Souffleur: Ihre Leiber also, Herr Arzt? Nun denn: Wenn Sie einen Gegenstand, zum
Beispiel das Fensterkreuz dort – – –
Max: Hier ist keines, Herr Souffleur! Sonst bleibt der Herr Oberst beim
Hereinspringen hängen!
|Souffleur: Lassen Sie mich
ausreden!
Oberstin: (höhnisch) Wir – Sie? Haha!
Souffleur: Wenn Sie ein Fensterkreuz fest ins Auge fassen, und dann den Blick von
ihm
abwenden, so werden Sie – wenn Sie genau beobachten – noch einen Augenblick lang,
vor
sich in der Luft, das Bild des Fensterkreuzes sehen. Ich sage: »Das Bild«! Aber
wissen wir, ob es mehr oder weniger Bild ist, als das Fensterkreuz, das wir vorhin
sahen – nicht? – – Sagen Sie doch: »Jo«! – Von der Leiblichkeit, die gestern auf der
Probe Schauspieler den Worten des Dichters liehen, schweben die Formen noch
durcheinander in diesem Raum, und haben – eine Weile – eine Art von Leiblichkeit.
Sebastian: Herr Souffleur, melde gehorsamst, dass doch seither die gestrige
Abendvorstellung – ganz ausverkauft – hier war!

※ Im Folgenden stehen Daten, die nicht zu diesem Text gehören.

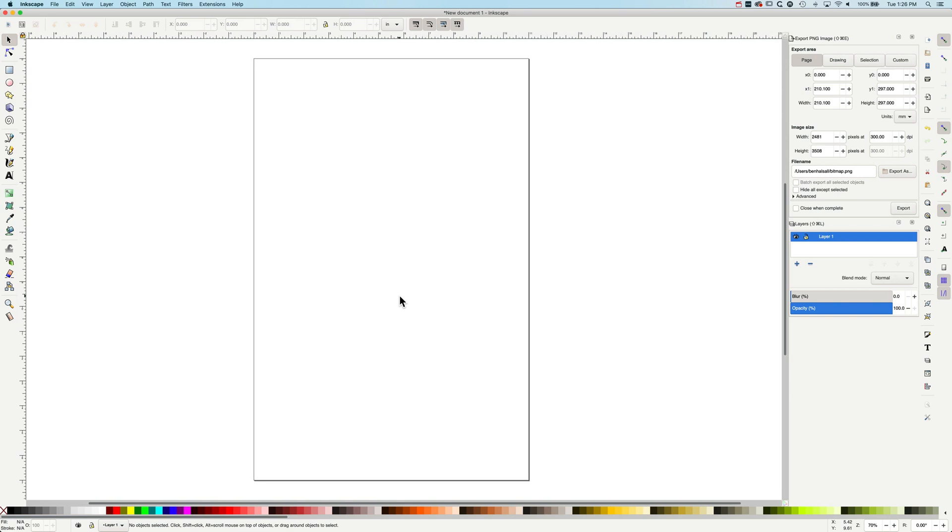Just to get that poster nice and clear for viewers from a distance away from the poster. So that's how to set up different document sizes in Inkscape. If you have any questions, do leave a comment below. Otherwise, I look forward to seeing you on the next tutorial.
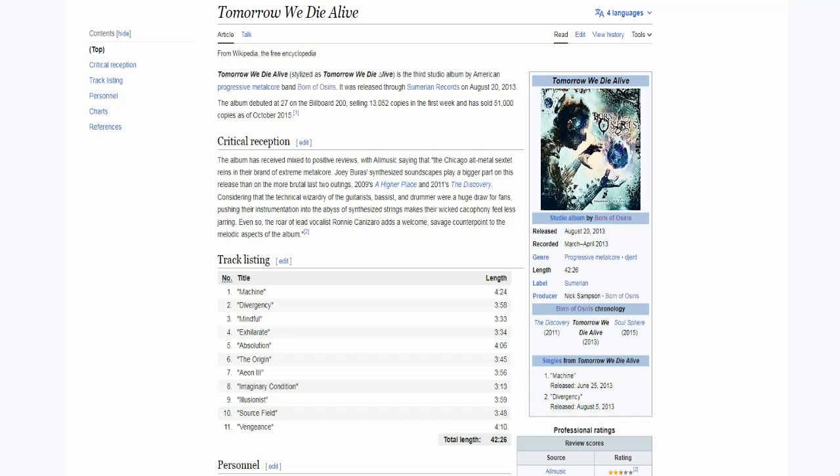Hi everyone, I'm Jim and welcome to the review of Tomorrow We Die Alive, the first to record by the American progressive metalcore band Born of Osiris. Today we're celebrating the 10th anniversary of the record so I decided to go back and see if it still holds up or not.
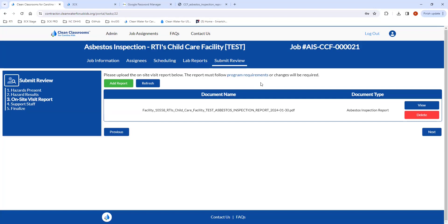Please review those requirements carefully, because during our QA, once the review is sent back to us, if it doesn't meet the requirements, we will send it back. So that's all done here.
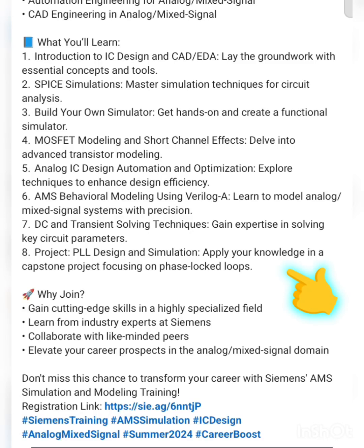Sixth, DC and transient solving techniques — analysis of circuits using DC analysis and transient analysis will be a key area covered. Seventh, the eighth topic is a project: PLL design and simulation. This covers the full content of what you can learn from the course.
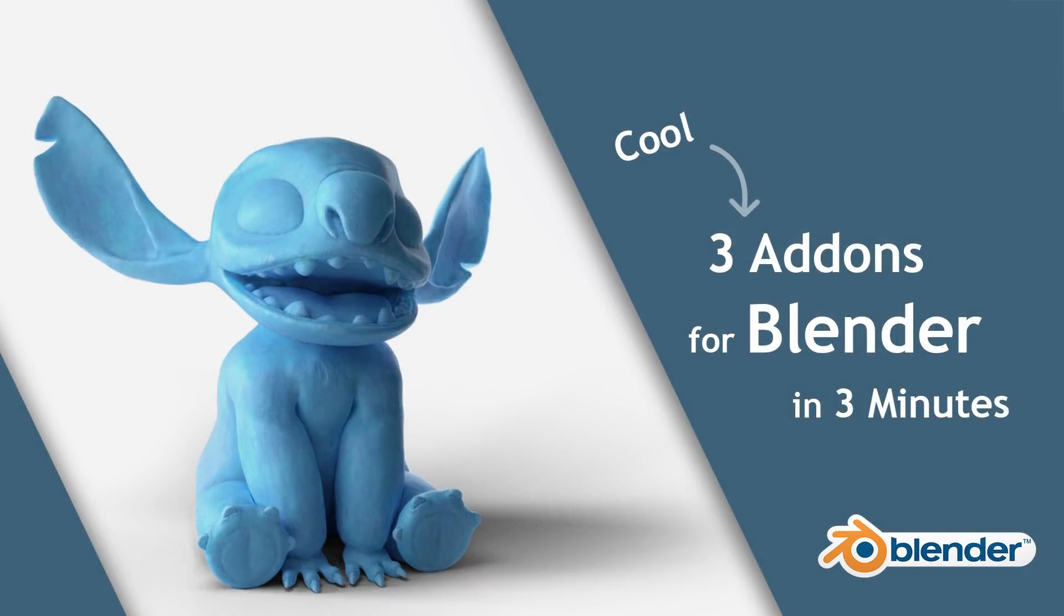So that was it for this quick video. I hope you found it useful. The model used in this video was lit and textured using Gaffer and Stencil Kit Pro. If you want to check out the sculpt, you can download the STL for free. I'll put a link in the description.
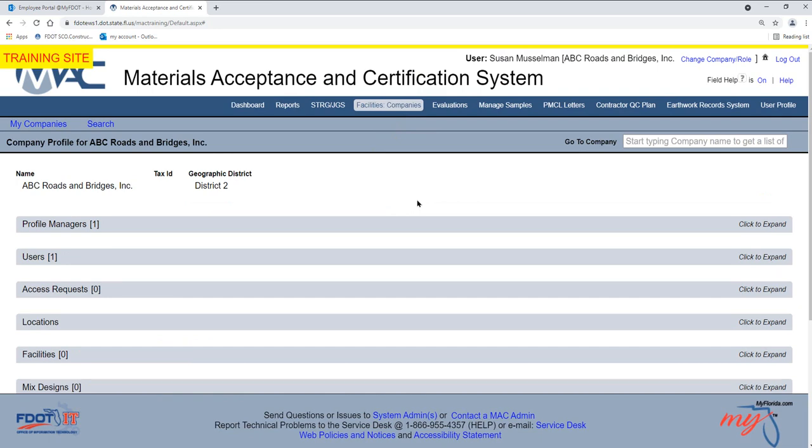For users who are Company Profile Managers for more than one company, you may have to navigate to a different company. You can do so by selecting the My Companies option, or by typing the company name in the Go To Company field and selecting the company from the returned list.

Souffleur: (nach einer Pause) Sie haben recht – aber ich fange an zu zweifeln, ob
Sie
wirklich »Sebastian« heissen!
Sebastian: Melde gehorsamst: So soll ich le – – (abbrechend zu Max) Fürchten Sie
nichts, Herr Leutnant – auch wir haben einander zugeschworen, auch wir sind
totgeweiht!
Oberst: Wie kommt es, Unteroffizier, dass ich gar niemanden vom Regiment
erblicke?
Oberstin: (höhnisch) Weil Du mit dem Rücken gegen den Kasernhof stehst!
Oberst: Aber es sollten doch Kürrassiere unseres Regimentes vorbeigehen und grüssen,
und ich sollte »Gute Nacht« wünschen – – – wo sind denn Alle – – Unteroffizier!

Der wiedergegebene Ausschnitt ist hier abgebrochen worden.